My father presided over the ceremony from a balcony high above, my mother only on the balcony lower. I pushed through the crowd in search of a seat. No one regarded my presence as I shoved them left and right. A group of bride's maids stood in the corner of the hall, talking to an empty chair. The answers to their questions fought for attention in the back of my mind, but I forced them away. I took my seat and waited. And then I proceeded to watch my own wedding from the crowd.
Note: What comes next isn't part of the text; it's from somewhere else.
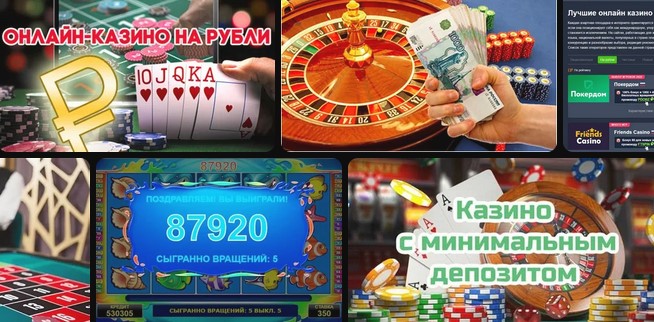 Рублёвые казино онлайн с минимальными ставками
Auggy stood front and center, though I was at least pleased to see he was wearing formal clothing and had possibly bathed. His mother watched on, looking as though she were desperately eager to jump up and comb his hair once more before her boy, her middle-aged boy, was a man.

Augustus the first stood behind him, looking as though his clothing was fill to busting with a more than ample stomach and his collar button seemed to be ready to fly off at any moment, urged on by the power of his fattened neck.

Harsh tremors shook underfoot. I seemed to be the only person that noticed them. They reminded me of the tremors of when Oliver had first unveiled himself as a dragon. But, the second set of tremors were double anything a dragon of any size could manage. The explosive shocks knocked Amethyst's wig ashtray from her head, but she went on as though this were not so.

The third set of tremors lifted me off of my seat and onto my feet. I ran past the commotion and went to the stain glass windows at the back of the hall. Outside, I could see the harpies fliying overhead. They seemed panicked and promptly landed to the ground. They hugged the Earth tight as the tremors continued to shake. Small pieces of stone fell from above me and landed on the smooth stone floor.

“We have to get out!” I shouted, forgetting it would do no good. Not a soul could hear me. They were watching on as the invisible bride strode down the aisle. Large chunks of rock were now falling, and the tremors were enough to send me falling on to my knees twice in only a few seconds. I looked back once before retreating from the castle. There was a scorpion, black, sitting on the shoulder of the priest.

I had seen enough. There was never going to be another time. There was only that moment and in that moment I knew that I could wait no longer. I watched the sky and saw the dustlink breaking apart, chunk by chunk. And with each chunk the Earth shook greater. The sun seemed to wobble in the sky.

I found Oliver calmly carving a figure into the front of his ship, one arm supported by his crutch, and the other steadily crafting out of sand. “I was not expecting you back so early,” he said, “you have not awoken, but you are trying.” He sidestepped a tall wave that splashed from the disturbed river.

“I don't care. It doesn't matter if I'm ready, we've got to go. The castle is crumbling!”

“What castle?” he said.

“My castle! The one I live in!”

“There is no castle, not really. Just an illusion of a castle.”

“Well, then the illusion of the castle is crumbling and there are people inside!”

“But, they aren't awakened. Why does it matter?”

“I shouldn't have said that, I know. For all I know, they could be awakened.”

“Oh no, they certainly aren't.” he said, “but they could be.”

“Not if we they get crushed in the castle!”

“Indeed,” said Oliver, finishing his final brushstroke, “shall we?”

“You think I'm ready?”

“No,” he said, “but you will be, we just need a bit more time. The ship can afford us more of that than the Earth. Come.”

I climbed the step-ladder onto the ship.

“With all this dust raining down from the sky, we shouldn't have much trouble getting started. We just need a good jump start. Take the helm,” he instructed, pointing to the steering. In a flash, he became the dragon I had known him as first. He nudged up against the ship and beat his wings as hard as he could. One budge after the other, I had to hang tight onto the steering to keep myself standing. And then finally, with one final budge, the ship left the ground. Oliver, now again human, hung tight to a rope hanging off the side of the ship as I steered it toward the sky.